From cotton fields to city streets, blues music tells the story of a people struggling to survive. Its syncopated rhythms convey a meaning as deep as the raspy voices crooning its melodies. The blues has evolved along with the history of black people in the United States – a journey marked by persecution but also by progress.

Theirs is a story that today opens to a new chapter, being written by a man who calls the city that transformed the face of the blues:  “Sweet Home Chicago”. Thus a closer look at the origins of blues music provides insight not only into black history but also into the context from which President Barack Obama, who lived in the Windy City before his move to the White House, entered the international scene.

It was in Chicago that blues music was modernized, where it adapted into a form that could then be easily diffused into popular culture. It would permeate many other musical genres and create the foundation of rock ‘n’ roll, gospel and the British pop made famous by the Beatles. Today, the blues rhythm beats on as the heart of American mainstream music, which in turn plays an influential role in the music world across the globe.

The twelve-bar structure found in the blues today is the same as that which the slaves invented as they worked in the fields, using music to communicate. This system of “field hollering” allowed the slaves to exchange secret information and indicate potential escape routes.
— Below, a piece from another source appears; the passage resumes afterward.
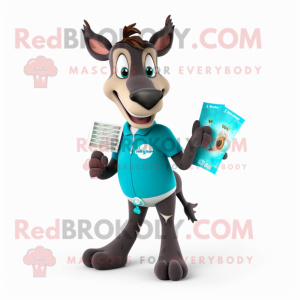 Teal Okapi mascot costume character dressed with a Running Shorts and Wallets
Chicago blues grew from these roots in the Mississippi Delta, where thousands of blacks lived before moving north during the Great Migration, which occurred in two waves between 1913 and 1970. Its heavy backbeats recall the oppression of slavery, while the charged guitar riffs and gravelly voices in the foreground express an insatiable longing for freedom.

In the 1930s, the Great Depression propelled the blues forward by providing not only greater reason for people to lament but also more opportunity to come together to perform and listen to music. From that decade on in the ghettos of Chicago, residents organized “rent parties” to raise money for families with financial difficulties. Thus listening to the blues also became a concrete experience of solidarity.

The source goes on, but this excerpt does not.